End-to-End QA Scenario
Distributed Playwright Grid on ECS Fargate
Run thousands of Playwright tests in parallel using SQS-backed Fargate workers, autoscaled on queue depth.
Architecture
Pipeline ─► Lambda enqueues N test shards ─► SQS queue
│
ECS Fargate Service (auto-scales on ApproxNumberOfMessagesVisible)

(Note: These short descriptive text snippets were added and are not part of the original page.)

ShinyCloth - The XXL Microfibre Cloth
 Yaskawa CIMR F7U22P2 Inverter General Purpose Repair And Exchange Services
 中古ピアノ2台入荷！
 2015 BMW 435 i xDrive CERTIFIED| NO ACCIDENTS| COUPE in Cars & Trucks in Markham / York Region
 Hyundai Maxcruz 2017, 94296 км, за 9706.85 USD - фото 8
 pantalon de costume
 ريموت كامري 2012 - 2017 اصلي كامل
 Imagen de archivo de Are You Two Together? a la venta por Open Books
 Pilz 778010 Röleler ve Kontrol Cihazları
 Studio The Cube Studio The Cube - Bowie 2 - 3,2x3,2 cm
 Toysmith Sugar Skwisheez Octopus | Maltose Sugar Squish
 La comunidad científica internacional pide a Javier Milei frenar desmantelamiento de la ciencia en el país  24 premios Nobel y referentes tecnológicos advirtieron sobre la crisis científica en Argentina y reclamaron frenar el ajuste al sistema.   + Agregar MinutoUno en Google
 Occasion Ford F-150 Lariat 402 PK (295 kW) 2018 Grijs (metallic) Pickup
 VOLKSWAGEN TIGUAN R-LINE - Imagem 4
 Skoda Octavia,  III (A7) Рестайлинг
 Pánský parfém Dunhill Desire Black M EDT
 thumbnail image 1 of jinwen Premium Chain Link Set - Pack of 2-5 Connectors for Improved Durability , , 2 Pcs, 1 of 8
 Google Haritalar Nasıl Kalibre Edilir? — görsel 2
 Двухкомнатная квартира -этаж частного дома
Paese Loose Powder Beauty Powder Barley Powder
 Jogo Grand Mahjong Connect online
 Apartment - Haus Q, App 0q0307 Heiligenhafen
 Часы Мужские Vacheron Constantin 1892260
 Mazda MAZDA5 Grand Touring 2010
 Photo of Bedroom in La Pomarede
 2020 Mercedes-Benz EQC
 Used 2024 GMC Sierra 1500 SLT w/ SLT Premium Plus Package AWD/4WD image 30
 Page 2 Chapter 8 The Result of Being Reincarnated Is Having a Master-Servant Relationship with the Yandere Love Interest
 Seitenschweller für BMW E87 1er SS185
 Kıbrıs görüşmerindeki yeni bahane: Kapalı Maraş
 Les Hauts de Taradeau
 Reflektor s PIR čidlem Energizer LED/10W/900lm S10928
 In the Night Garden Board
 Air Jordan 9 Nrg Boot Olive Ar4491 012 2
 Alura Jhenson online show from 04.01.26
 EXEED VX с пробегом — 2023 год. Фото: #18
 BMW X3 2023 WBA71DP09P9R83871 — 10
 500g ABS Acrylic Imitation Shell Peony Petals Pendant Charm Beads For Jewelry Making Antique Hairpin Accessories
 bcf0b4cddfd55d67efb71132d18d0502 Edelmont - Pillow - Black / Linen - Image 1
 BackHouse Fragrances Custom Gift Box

├─► Worker 1 ─► run shard ─► JUnit + traces to S3
├─► Worker 2 ─► ...
└─► Worker M ─► ...
│
EventBridge "queue empty" ─► Lambda aggregator ─► reportWorkflow steps
- 1
Shard
Lambda splits the Playwright spec list into N shards (size tuned from historical durations) and enqueues to SQS.
- 2
Scale
ECS Service Auto Scaling tracks `ApproximateNumberOfMessagesVisible`; scales 1 → 100 workers in minutes.
- 3
Execute
Each Fargate task pulls a shard, runs `npx playwright test --shard`, uploads JUnit + trace.zip + video to S3.
- 4
Aggregate
When queue is empty, EventBridge invokes a Lambda that merges shards into a single HTML report.
- 5
Cleanup
Service scales back to 0; CloudWatch dashboard shows runtime, cost per run, and flake rate.
Key takeaways
- Wall-clock collapses from hours to minutes by trading parallelism for cost.
- Queue-driven scaling means you never pay for idle workers between runs.
- Traces and videos in S3 make every failure debuggable post-hoc.